[[ RECORD EXTRACTS open ]]

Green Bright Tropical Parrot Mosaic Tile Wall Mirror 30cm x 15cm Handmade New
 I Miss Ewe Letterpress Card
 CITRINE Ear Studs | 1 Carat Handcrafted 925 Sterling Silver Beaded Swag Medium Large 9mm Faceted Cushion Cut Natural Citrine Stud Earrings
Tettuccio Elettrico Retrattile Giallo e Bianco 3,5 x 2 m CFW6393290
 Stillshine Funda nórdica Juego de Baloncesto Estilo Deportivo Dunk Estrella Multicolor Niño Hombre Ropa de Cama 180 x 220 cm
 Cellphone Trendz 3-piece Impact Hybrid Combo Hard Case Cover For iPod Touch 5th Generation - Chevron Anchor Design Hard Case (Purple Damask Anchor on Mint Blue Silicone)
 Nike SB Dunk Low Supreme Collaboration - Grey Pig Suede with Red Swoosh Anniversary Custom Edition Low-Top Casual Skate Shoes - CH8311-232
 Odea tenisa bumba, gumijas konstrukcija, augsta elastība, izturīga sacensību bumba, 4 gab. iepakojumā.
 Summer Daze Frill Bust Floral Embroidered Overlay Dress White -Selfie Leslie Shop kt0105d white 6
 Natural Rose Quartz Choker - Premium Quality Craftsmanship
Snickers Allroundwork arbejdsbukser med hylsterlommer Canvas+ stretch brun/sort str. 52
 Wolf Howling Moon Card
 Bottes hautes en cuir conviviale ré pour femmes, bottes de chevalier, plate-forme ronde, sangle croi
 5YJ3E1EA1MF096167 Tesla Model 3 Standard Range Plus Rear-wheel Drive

[[ RECORD EXTRACTS closed ]]

> [DESCRIPTION OF THE TASK] Answer with a number only: how many lines above include the word "Natural"?

> [EXERCISE SOLUTION] 2